[PATCH 7/9] mm, page_alloc: remove stop_machine from build_all_zonelists

From: Michal Hocko
Date: Fri Jul 21 2017 - 10:42:39 EST


From: Michal Hocko <mhocko@xxxxxxxx>

build_all_zonelists has been (ab)using stop_machine to make sure that
zonelists do not change while somebody is looking at them. This is
is just a gross hack because a) it complicates the context from which
we can call build_all_zonelists (see 3f906ba23689 ("mm/memory-hotplug:
switch locking to a percpu rwsem")) and b) is is not really necessary
especially after "mm, page_alloc: simplify zonelist initialization"
and c) it doesn't really provide the protection it claims (see below).

Updates of the zonelists happen very seldom, basically only when a zone
becomes populated during memory online or when it loses all the memory
during offline. A racing iteration over zonelists could either miss a
zone or try to work on one zone twice. Both of these are something we
can live with occasionally because there will always be at least one
zone visible so we are not likely to fail allocation too easily for
example.

Please note that the original stop_machine approach doesn't really
provide a better exclusion because the iteration might be interrupted
half way (unless the whole iteration is preempt disabled which is not
the case in most cases) so the some zones could still be seen twice or a
zone missed.

I have run the pathological online/offline of the single memblock in the
movable zone while stressing the same small node with some memory pressure.
Node 1, zone DMA
pages free 0
min 0
low 0
high 0
spanned 0
present 0
managed 0
protection: (0, 943, 943, 943)
Node 1, zone DMA32
pages free 227310
min 8294
low 10367
high 12440
spanned 262112
present 262112
managed 241436
protection: (0, 0, 0, 0)
Node 1, zone Normal
pages free 0
min 0
low 0
high 0
spanned 0
present 0
managed 0
protection: (0, 0, 0, 1024)
Node 1, zone Movable
pages free 32722
min 85
low 117
high 149
spanned 32768
present 32768
managed 32768
protection: (0, 0, 0, 0)

root@test1:/sys/devices/system/node/node1# while true
do
echo offline > memory34/state
echo online_movable > memory34/state
done

root@test1:/mnt/data/test/linux-3.7-rc5# numactl --preferred=1 make -j4

and it survived without any unexpected behavior. While this is not
really a great testing coverage it should exercise the allocation path
quite a lot.

Acked-by: Vlastimil Babka <vbabka@xxxxxxx>
Signed-off-by: Michal Hocko <mhocko@xxxxxxxx>
---
mm/page_alloc.c | 9 ++-------
1 file changed, 2 insertions(+), 7 deletions(-)
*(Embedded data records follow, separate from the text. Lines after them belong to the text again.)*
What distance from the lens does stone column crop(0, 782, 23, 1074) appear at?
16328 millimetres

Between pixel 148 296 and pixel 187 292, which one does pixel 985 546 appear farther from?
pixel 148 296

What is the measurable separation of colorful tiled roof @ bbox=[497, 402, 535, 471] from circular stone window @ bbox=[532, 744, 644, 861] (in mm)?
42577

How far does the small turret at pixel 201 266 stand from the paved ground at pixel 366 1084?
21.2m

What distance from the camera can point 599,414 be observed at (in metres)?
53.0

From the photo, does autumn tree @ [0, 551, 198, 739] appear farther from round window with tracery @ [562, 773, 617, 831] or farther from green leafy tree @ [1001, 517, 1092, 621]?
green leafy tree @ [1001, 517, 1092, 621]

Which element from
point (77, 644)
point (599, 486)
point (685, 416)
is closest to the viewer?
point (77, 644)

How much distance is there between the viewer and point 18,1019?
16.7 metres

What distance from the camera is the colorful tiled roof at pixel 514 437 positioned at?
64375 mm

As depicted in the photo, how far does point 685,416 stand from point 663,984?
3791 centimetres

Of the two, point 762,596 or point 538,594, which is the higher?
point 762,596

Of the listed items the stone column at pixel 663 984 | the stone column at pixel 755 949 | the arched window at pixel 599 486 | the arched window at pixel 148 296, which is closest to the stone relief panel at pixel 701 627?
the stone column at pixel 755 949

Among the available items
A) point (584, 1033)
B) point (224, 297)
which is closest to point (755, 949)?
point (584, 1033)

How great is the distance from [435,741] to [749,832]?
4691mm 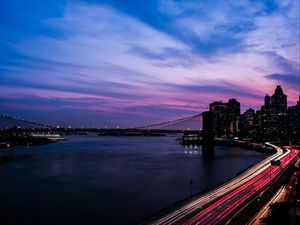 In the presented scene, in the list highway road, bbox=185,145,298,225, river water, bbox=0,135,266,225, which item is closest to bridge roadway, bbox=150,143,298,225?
highway road, bbox=185,145,298,225

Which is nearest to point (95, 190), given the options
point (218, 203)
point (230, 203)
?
point (218, 203)

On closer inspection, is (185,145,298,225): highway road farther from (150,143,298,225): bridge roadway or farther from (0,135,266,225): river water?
(0,135,266,225): river water

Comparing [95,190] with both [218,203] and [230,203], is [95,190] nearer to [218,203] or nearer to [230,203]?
[218,203]

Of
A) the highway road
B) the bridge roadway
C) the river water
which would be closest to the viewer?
the highway road

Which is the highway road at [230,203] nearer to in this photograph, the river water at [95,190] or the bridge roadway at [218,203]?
the bridge roadway at [218,203]

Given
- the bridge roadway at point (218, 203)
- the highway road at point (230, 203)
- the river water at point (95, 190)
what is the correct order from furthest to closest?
the river water at point (95, 190), the bridge roadway at point (218, 203), the highway road at point (230, 203)

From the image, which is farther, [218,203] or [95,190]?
[95,190]

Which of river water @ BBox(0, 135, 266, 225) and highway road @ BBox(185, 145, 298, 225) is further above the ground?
highway road @ BBox(185, 145, 298, 225)

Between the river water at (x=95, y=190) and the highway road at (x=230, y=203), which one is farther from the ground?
the highway road at (x=230, y=203)

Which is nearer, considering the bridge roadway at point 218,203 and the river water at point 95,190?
the bridge roadway at point 218,203

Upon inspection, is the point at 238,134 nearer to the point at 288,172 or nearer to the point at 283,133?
the point at 283,133

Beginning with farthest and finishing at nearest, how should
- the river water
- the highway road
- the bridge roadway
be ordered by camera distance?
1. the river water
2. the bridge roadway
3. the highway road

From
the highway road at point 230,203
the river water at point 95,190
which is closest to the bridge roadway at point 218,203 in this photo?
the highway road at point 230,203

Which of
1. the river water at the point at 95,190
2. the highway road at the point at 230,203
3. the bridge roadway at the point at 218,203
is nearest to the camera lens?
the highway road at the point at 230,203
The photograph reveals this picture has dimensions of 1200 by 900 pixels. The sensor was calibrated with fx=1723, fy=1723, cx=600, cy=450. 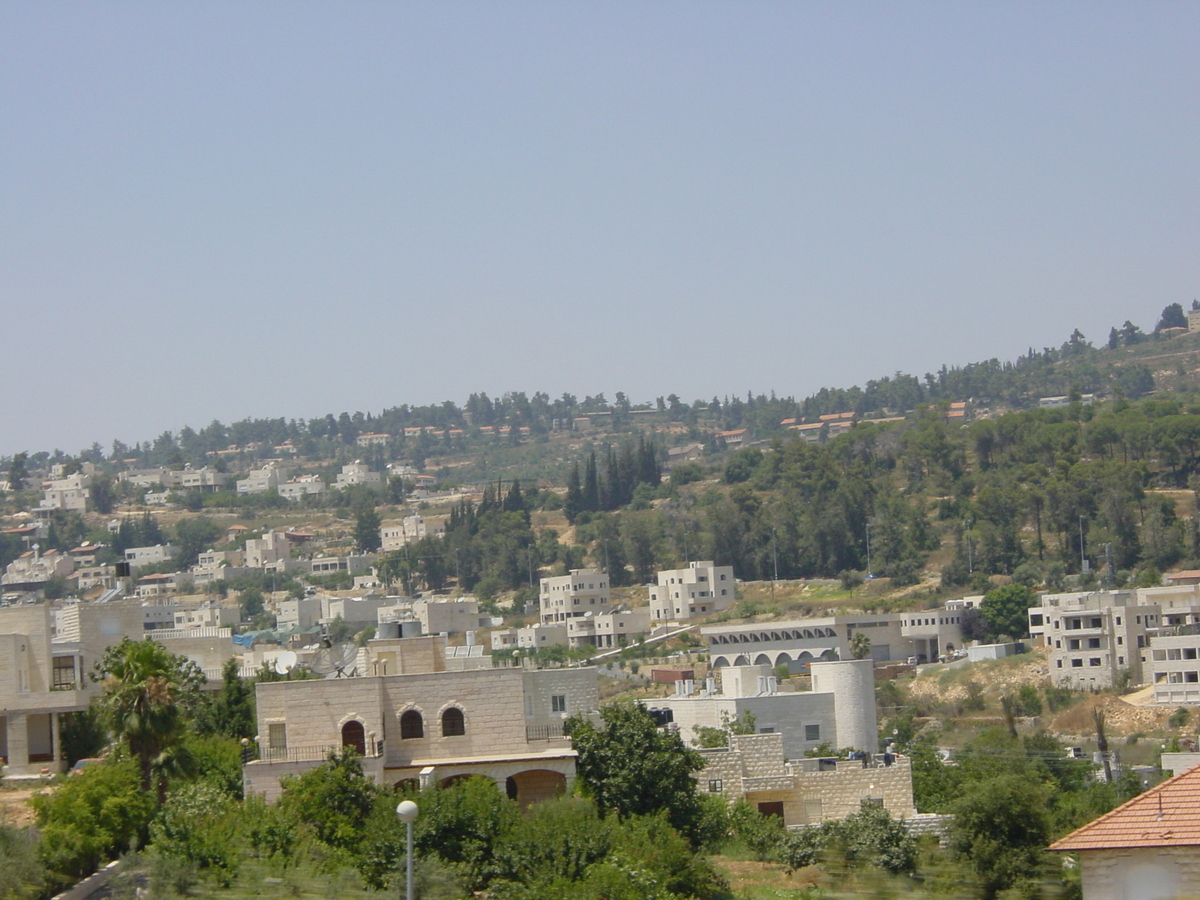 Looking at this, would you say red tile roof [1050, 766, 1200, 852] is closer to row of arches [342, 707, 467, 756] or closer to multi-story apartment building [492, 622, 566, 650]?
row of arches [342, 707, 467, 756]

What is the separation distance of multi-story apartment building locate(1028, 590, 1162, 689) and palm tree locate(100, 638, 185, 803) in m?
59.0

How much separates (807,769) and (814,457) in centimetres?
10929

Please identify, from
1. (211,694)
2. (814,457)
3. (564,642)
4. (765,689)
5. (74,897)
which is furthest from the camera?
(814,457)

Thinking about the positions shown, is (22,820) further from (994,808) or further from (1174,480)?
(1174,480)

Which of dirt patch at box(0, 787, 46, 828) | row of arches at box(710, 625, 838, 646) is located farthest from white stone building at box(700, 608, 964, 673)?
dirt patch at box(0, 787, 46, 828)

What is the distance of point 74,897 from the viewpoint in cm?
2222

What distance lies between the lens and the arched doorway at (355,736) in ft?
96.5

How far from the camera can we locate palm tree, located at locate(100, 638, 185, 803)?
28375mm

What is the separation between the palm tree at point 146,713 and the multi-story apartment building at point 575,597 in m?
92.1

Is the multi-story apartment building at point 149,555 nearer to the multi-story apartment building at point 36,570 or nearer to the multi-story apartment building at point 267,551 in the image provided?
the multi-story apartment building at point 36,570

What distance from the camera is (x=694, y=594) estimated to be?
115750mm

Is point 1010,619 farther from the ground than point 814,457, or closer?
closer

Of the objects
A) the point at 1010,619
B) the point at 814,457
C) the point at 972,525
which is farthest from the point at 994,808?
the point at 814,457

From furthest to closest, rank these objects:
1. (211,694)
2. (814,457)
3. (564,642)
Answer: (814,457) < (564,642) < (211,694) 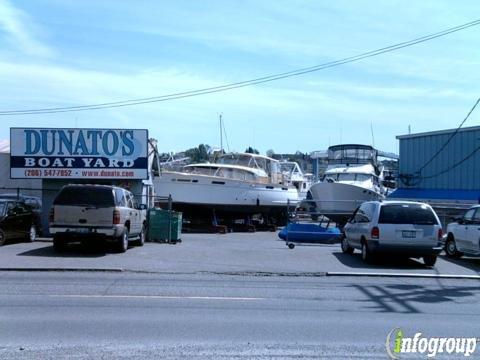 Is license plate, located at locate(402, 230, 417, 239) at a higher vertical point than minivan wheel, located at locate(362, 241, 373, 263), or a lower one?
higher

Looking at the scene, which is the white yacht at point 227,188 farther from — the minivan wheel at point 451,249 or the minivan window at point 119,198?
the minivan window at point 119,198

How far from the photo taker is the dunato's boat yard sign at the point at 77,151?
74.9ft

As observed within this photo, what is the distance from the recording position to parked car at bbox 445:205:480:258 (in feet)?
59.1

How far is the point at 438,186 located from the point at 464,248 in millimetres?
12095

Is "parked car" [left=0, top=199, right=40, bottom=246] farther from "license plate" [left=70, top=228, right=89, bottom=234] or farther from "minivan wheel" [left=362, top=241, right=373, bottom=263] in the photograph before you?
"minivan wheel" [left=362, top=241, right=373, bottom=263]

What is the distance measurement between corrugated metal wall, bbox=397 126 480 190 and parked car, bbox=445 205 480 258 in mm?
9334

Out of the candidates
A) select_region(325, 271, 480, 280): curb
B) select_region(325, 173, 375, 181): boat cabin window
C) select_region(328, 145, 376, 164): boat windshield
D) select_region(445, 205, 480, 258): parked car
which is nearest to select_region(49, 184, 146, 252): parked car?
select_region(325, 271, 480, 280): curb

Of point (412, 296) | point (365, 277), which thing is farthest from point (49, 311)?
point (365, 277)

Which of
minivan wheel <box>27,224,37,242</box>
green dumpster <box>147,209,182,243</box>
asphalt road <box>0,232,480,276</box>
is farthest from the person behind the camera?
green dumpster <box>147,209,182,243</box>

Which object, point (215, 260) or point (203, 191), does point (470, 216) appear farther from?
point (203, 191)

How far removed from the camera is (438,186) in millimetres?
30562

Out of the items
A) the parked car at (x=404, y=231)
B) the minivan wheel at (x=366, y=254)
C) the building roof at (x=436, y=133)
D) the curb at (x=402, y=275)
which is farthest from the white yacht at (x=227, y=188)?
the curb at (x=402, y=275)

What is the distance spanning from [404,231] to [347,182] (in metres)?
20.0

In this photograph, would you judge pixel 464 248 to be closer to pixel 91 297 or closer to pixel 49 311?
pixel 91 297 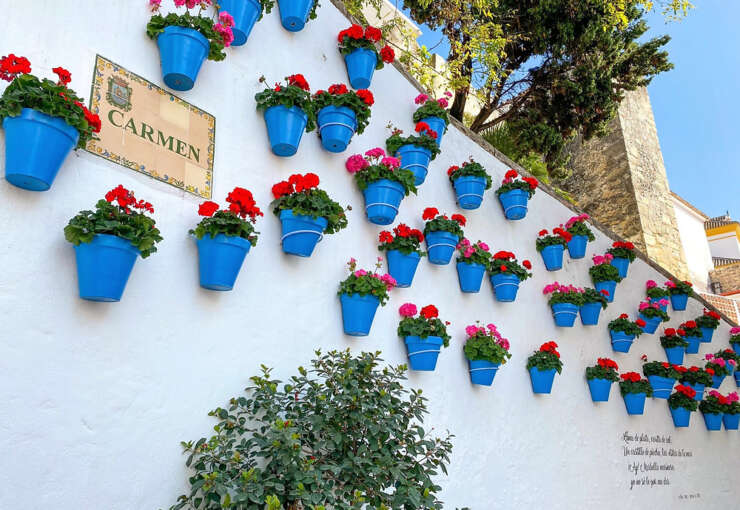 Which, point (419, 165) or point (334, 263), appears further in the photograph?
point (419, 165)

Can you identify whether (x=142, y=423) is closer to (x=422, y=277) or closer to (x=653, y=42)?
(x=422, y=277)

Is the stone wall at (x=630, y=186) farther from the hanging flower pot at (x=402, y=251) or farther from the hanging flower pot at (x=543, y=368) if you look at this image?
the hanging flower pot at (x=402, y=251)

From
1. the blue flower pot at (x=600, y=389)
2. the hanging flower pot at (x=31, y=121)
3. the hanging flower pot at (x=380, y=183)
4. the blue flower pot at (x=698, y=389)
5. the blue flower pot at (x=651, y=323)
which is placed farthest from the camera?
the blue flower pot at (x=698, y=389)

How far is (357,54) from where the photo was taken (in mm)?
3248

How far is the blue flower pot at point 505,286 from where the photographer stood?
12.7 ft

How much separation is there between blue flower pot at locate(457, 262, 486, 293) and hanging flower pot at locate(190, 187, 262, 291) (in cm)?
188

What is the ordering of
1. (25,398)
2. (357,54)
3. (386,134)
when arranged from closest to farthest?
(25,398) < (357,54) < (386,134)

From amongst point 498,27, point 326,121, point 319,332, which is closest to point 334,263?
point 319,332

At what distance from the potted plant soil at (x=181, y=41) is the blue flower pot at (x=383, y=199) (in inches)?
45.1

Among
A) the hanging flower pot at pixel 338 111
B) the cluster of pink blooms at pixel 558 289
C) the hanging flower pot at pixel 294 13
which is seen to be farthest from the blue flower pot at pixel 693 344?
the hanging flower pot at pixel 294 13

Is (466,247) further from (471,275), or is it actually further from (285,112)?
(285,112)

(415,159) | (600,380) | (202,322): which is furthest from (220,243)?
(600,380)

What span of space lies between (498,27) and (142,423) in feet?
17.7

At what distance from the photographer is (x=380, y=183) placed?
9.80 feet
diff --git a/mm/page_alloc.c b/mm/page_alloc.c
index 0d78dc5a708f..cf2eb3cf2cc5 100644
--- a/mm/page_alloc.c
+++ b/mm/page_alloc.c
@@ -5073,8 +5073,7 @@ static DEFINE_PER_CPU(struct per_cpu_nodestat, boot_nodestats);
*/
DEFINE_MUTEX(zonelists_mutex);

-/* return values int ....just for stop_machine() */
-static int __build_all_zonelists(void *data)
+static void __build_all_zonelists(void *data)
{
int nid;
int __maybe_unused cpu;
@@ -5110,8 +5109,6 @@ static int __build_all_zonelists(void *data)
set_cpu_numa_mem(cpu, local_memory_node(cpu_to_node(cpu)));
#endif
}
-
- return 0;
}

static noinline void __init
@@ -5153,9 +5150,7 @@ void __ref build_all_zonelists(pg_data_t *pgdat)
if (system_state == SYSTEM_BOOTING) {
build_all_zonelists_init();
} else {
- /* we have to stop all cpus to guarantee there is no user
- of zonelist */
- stop_machine_cpuslocked(__build_all_zonelists, pgdat, NULL);
+ __build_all_zonelists(pgdat);
/* cpuset refresh routine should be here */
}
vm_total_pages = nr_free_pagecache_pages();
--
2.11.0